Clear Creek Distillery in Oregon cites the old-world sapins eaux de vie as inspiration for its increasingly popular Douglas Fir Eau de Vie, made with a similar maceration process with Oregon Douglas Fir buds. The slender, bright green bottle has become a familiar decoration on urban back bars. While less sweet and broadly herbal than the Sapins 55, the Douglas Fir “creates a subtle way to translate this very specific taste to cocktails,” says Serena Herrick, Bar Manager at Harvard & Stone.

Newest on the scene, imported from the Dolomite mountain region of Italy by Haus Alpenz since late 2014, is the Elisir Novasalus Vino Amaro from Cappelletti. This amaro—unique even for its place of origin—starts when dry marsala wine is fortified and aromatized with a long list of plants from the surrounding high Alps and flavored with pine sap from Sicily.

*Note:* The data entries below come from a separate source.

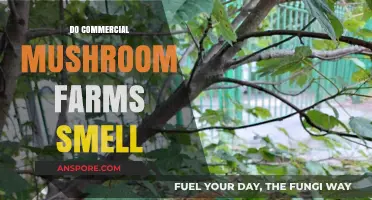 Mushroom Farms: A Smelly Business?
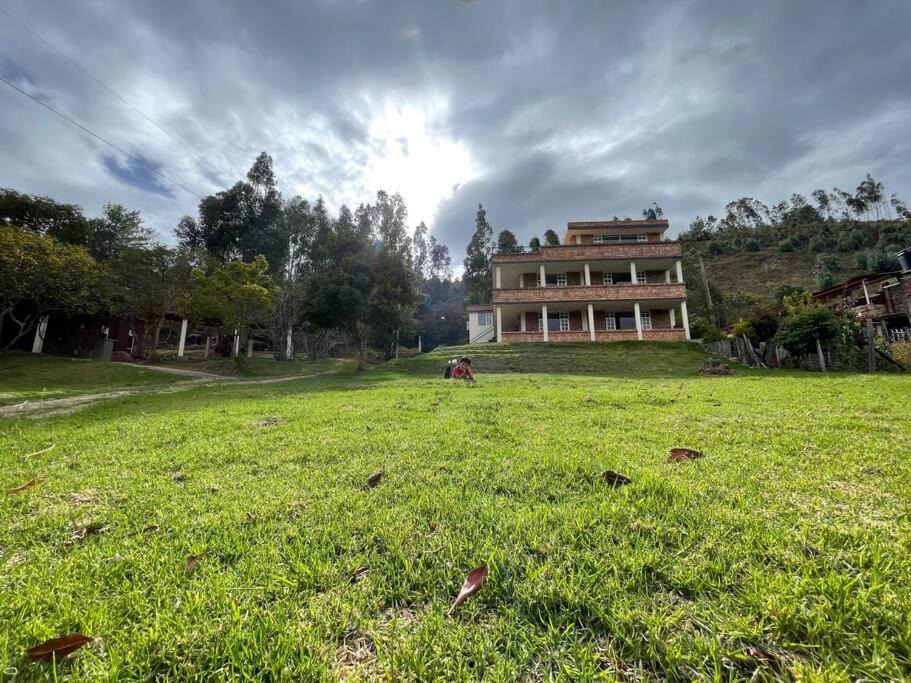 Photo of Others in Floresta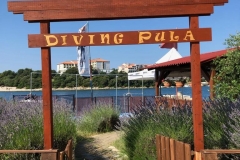 IMG-20190627-WA0001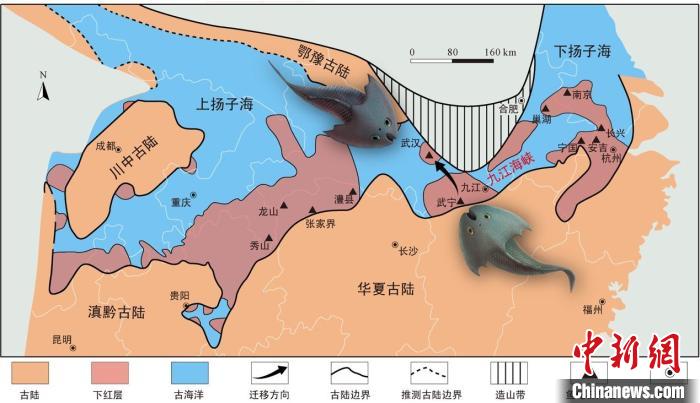 華南地區(qū)志留紀早期古地理圖和盔甲魚類化石產(chǎn)地(山顯任改自陳旭、戎嘉余，1996；戎嘉余等，2012) 中科院古脊椎所 供圖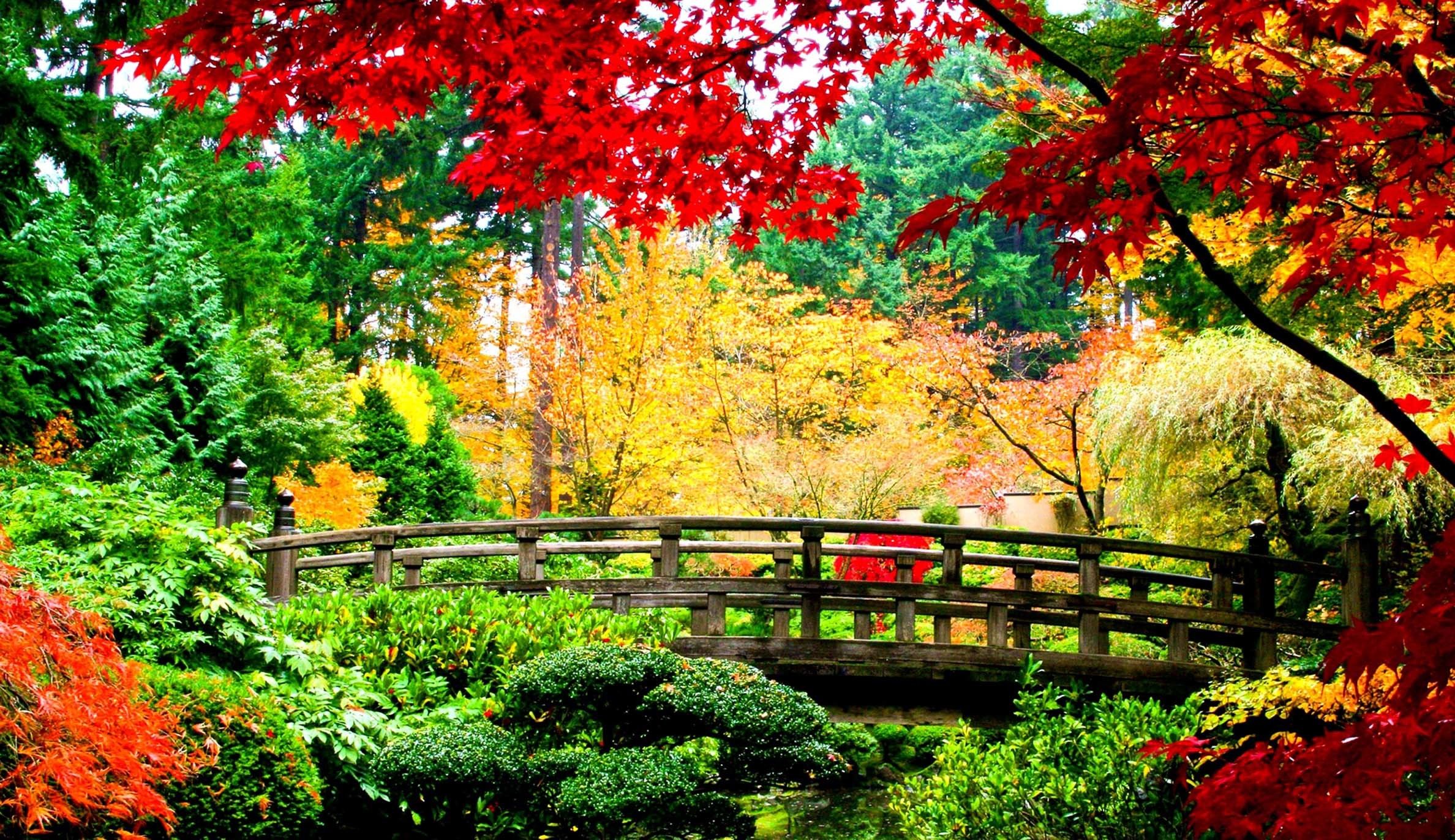 Giardino giapponese con passerella, 1396x1047 HD, Desktop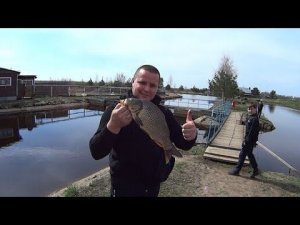 Платная рыбалка  Карпы - Щуки  Огромный бурый медведь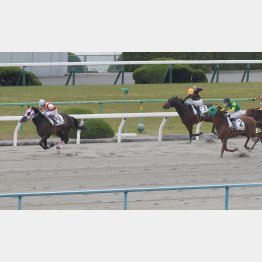 前走は京都で快勝したサージュミノル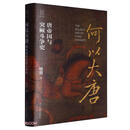 何以大唐 （精）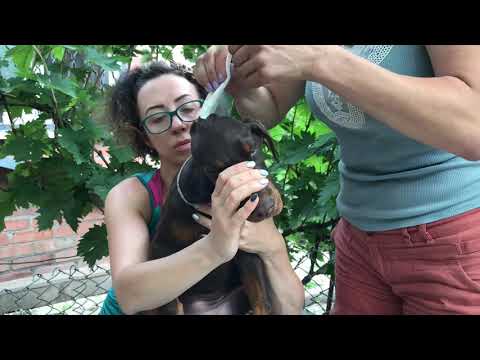 Видео: Мотаем ушки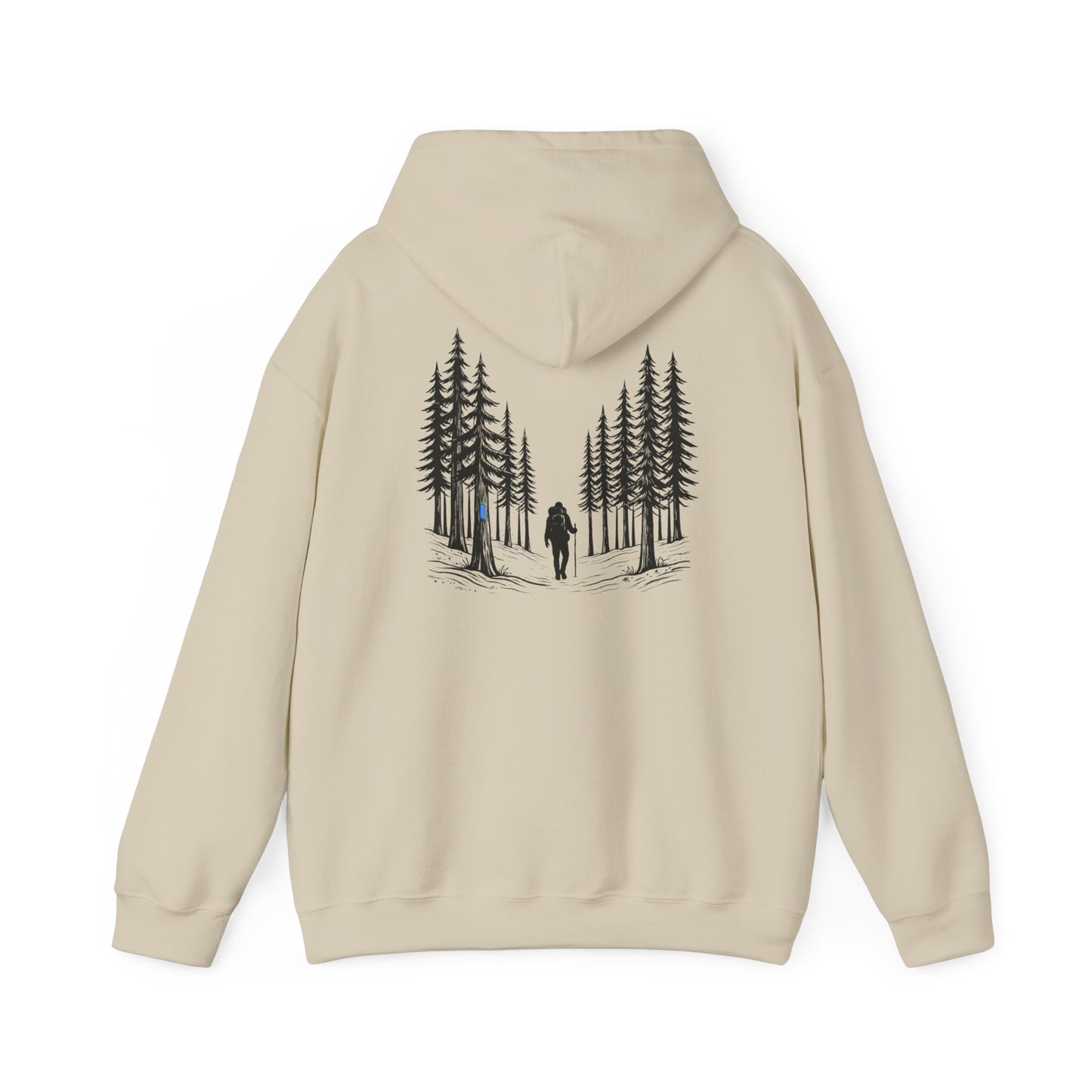 Find Your North NCT Hoodie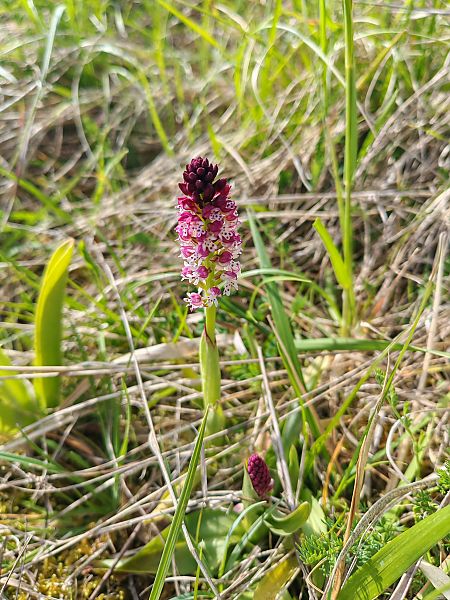Neotinea ustulata  - Céline Frutieaux (lpo-Bfc)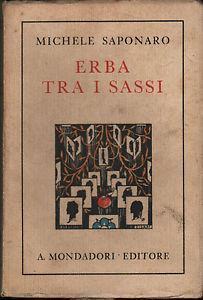 Erba tra i sassi - Michele Saponaro - copertina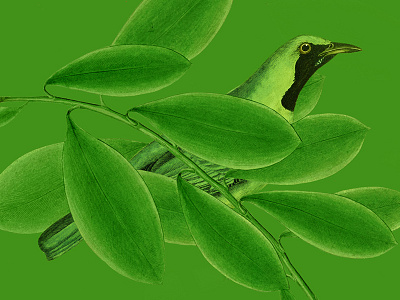 Green bird collage green leaves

What comes across is a somewhat confounding salty, pine-y bitterness that sticks in the throat—something of the final frontier for tree spirits.

While it’s tempting to dismiss the Douglas Fir or the Elisir Novasalus as the products of eager importers and bartenders looking to capitalize on the I’ll-try-anything-novel mentality of the current cocktail scene, for more than a century many of our most cherished cocktail flavors have been derived from bark, roots and leaves.

Perhaps it’s just the fir tree’s moment to come down off the mountain.